When everything possible has been done to restrict mobbing, help those who have suffered the most from it. Sometimes a simple chat with a child and paying them more attention than unusual can provide him or her with support and significantly reduce risks. Remember that the victim and the offender face the biggest psychic health and ostracization risks, so both will require additional care. In some cases, when you notice worrying signs, for example, scars on hands from self-cutting, frequent wandering about or intoxication caused by substance abuse – help the child to find a specialist or institution that can provide him or her with the necessary support.
How can I start talking to pupils if there are concerns about possible mobbing?
It is important to remember that the problem usually does not lie with just one pupil – mobbing indicates more widespread problems. Therefore it cannot be resolved by punishing one guilty party alone. The most important thinks is to reduce the manifestations of mobbing to a minimum and to identify pupils, who need additional support.
Talk to each person involved individually. This will allow each person to say what they think and to feel heard. “I am concerned about what is happening in class. Therefore, your opinion matters a lot to me – what do you think is really going on?”
Validate emotions, but do not support abuse. “I understand that you feel angry and livid, you have every right to feel like this. But hitting another person is no solution. We cannot allow this.”
Identify risks and help to provide help. “I can see that you are depressed and are spending a lot of time alone. Sometime adolescents in your can manifest problems in the form of a depressive mood, anxiety or even in the desire to self-harm. Do you know a specialist to talk to about this, if necessary?”
It is worth remembering that a child’s parents are his or her lawful representatives and they are entitled to know everything about potential risks to their child.

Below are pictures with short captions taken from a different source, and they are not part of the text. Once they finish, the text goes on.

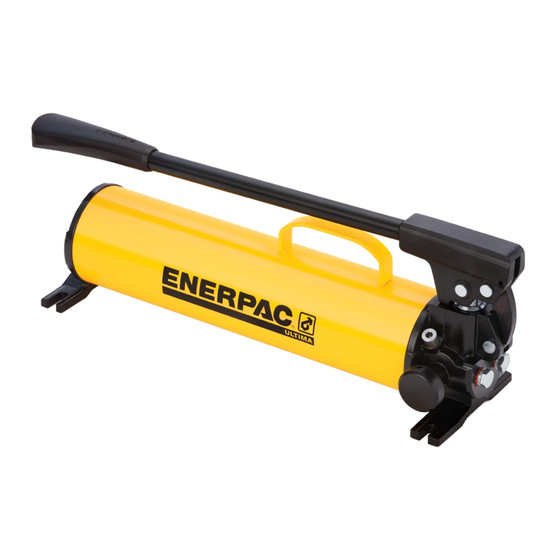 Enerpac EHF-65 Instruction Sheet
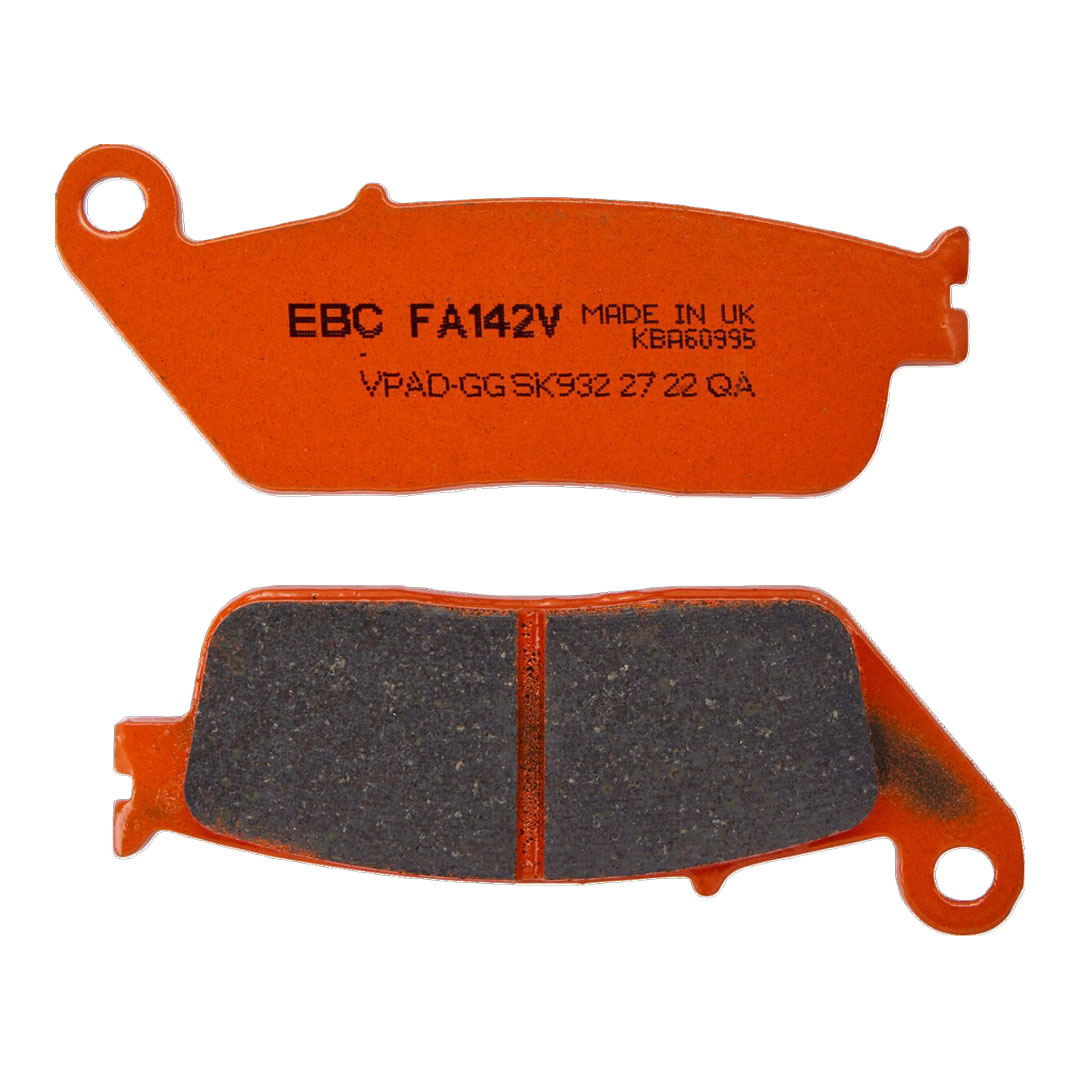 EBC FA142V polusinterirane kočione pločice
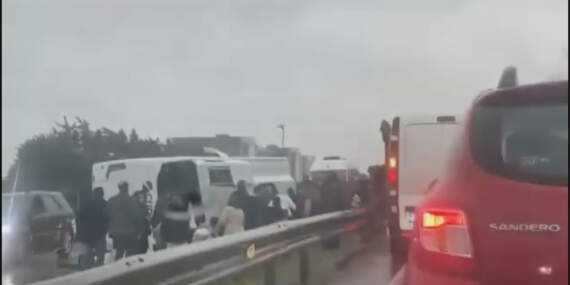 İstanbul’da İşçi Servisi Kaza Yaptı, 1 Ölü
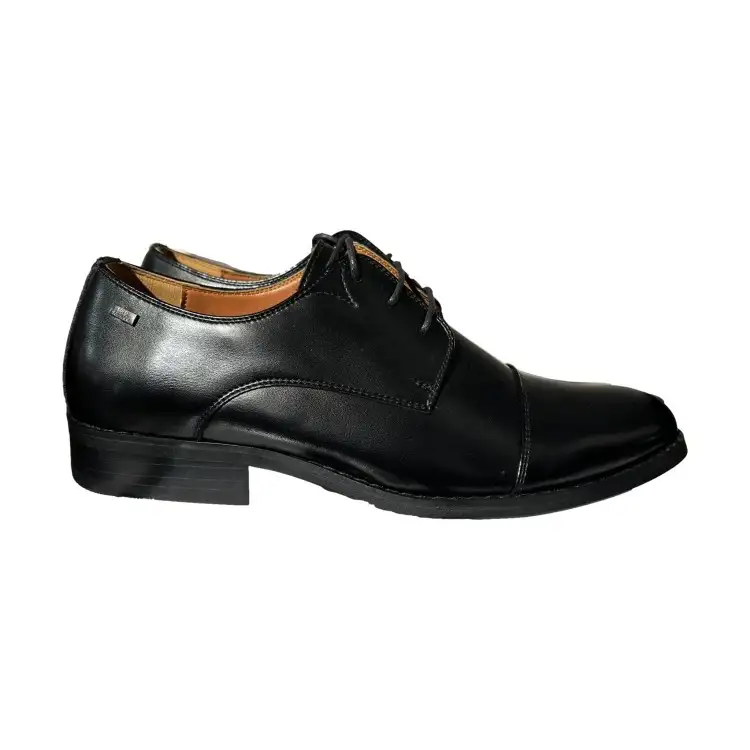 Solo Soprani SOLO41AL 802 Scarpe Uomo Eleganti Stringate Nero Nappa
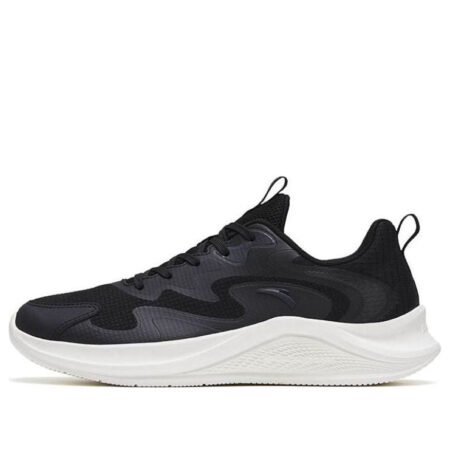 ANTA The Stroll Running Shoes 'Black White' 912315573-2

You can never predict how a mobbing situation will develop further, therefore it is always worth informing parents, even if right now the risks do not seem all that great.” At the same time, it is worth preparing an action plan and assessing the extent to which the parents themselves should get involved in resolving the situation. The clearer your action plan, the more the parents will trust your ability to resolve a conflict situation.
How can mobbing be prevented?
The situation must be assessed
To reduce mobbing in schools, the whole school audience must be involved: school staff, parents and schoolchildren in order to:
- define the school’s values and activate them;
- develop an action plan to resolve and prevent mobbing situations;
- implement training for school staff, parents and schoolchildren – what should I do in a mobbing situation?
- implement training for school staff, parents and schoolchildren about inclusion, acceptance of diversity, and mutually respectful communication;
- set an example and implement the knowledge acquired during training in practice and resolve mobbing situations by studying the causes;
- regularly monitoring the situation in school.